PoisonousSmurf · 20/03/2018 14:55

We don't truly 'die' as what we are made of get recycled through the Universe. What dies is the 'ego'. What makes us 'unique'.
I don't believe in the afterlife and to me death means 'AT LAST SOME PROPER REST!'
Can you imagine how many traumatized humans there would be in Heaven or elsewhere if we were allowed to keep our 'ego'?
We are here to learn about the world and make it a better place, whilst trying to enjoy ourselves.
Whatever happens I'm happy to have been given the chance to be a Human being who is curious about the Universe and all it's beings.
All we can hope for is a quick and painless death.
I think it's much worse seeing others go before you. I think that's what scares people.
Being alone.

Brazenhussy0 · 20/03/2018 15:04

I get this too, OP. It’s not pain or the process of aging/dying that scare me, but the lack of conscious thought and non-existence that follows. The fear usually creeps up on me just before I fall asleep (and I then have to spend the next 60 minutes thinking about fluffy kittens and pretty flowers just to get myself anywhere near sleeping!)

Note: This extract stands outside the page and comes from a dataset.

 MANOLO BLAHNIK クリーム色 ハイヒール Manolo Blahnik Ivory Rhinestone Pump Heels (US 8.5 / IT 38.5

It got worse for me after a friend was killed by a drunk driver in our early 20s. Ever since that I’ve been very aware of my own mortality and how suddenly we can be faced with it.
I don’t know how to get over it or deal with it – I really wish I did. The only way I can kind of cope with it is by trying my best not to think about it. We can’t reason or logic it out in our minds, it’s completely incomprehensible to us, so we’re only torturing ourselves by trying to figure it all out and make peace with it. Some of us just can’t.

The only thing I find that helps these days is, when I feel thoughts about death creeping up on me, I quickly visualise a siren going off in my head, flashing lights, yellow and black barricades, and a big ‘STOP’ sign. Then I force my mind on to another topic ‘What am I doing tomorrow?’, ‘What’s the answer to 25930 divided by 245’ (that one is usually rapidly followed by ‘why the fuck am I so bad at maths?!’ Grin)
I’ve been doing the ‘STOP’ visualisation for so long now that my mind does it automatically when the existential dread starts creeping in. It might not work for everyone, but that’s all I’ve found that helps.

I really with I could get on board with a religion. It must be very comforting compared to the idea of nothingness!

FoofFighter · 20/03/2018 15:07

I'm not worried about dying per se, more that I am afraid of being in pain, and worried about the logistics of it (worry that I'll die in the night as a single parent and would my 4yo be ok, that kind of thing)

Wether there is something there after or not, who knows, will find out only one way :) no point in dwelling if you can help it.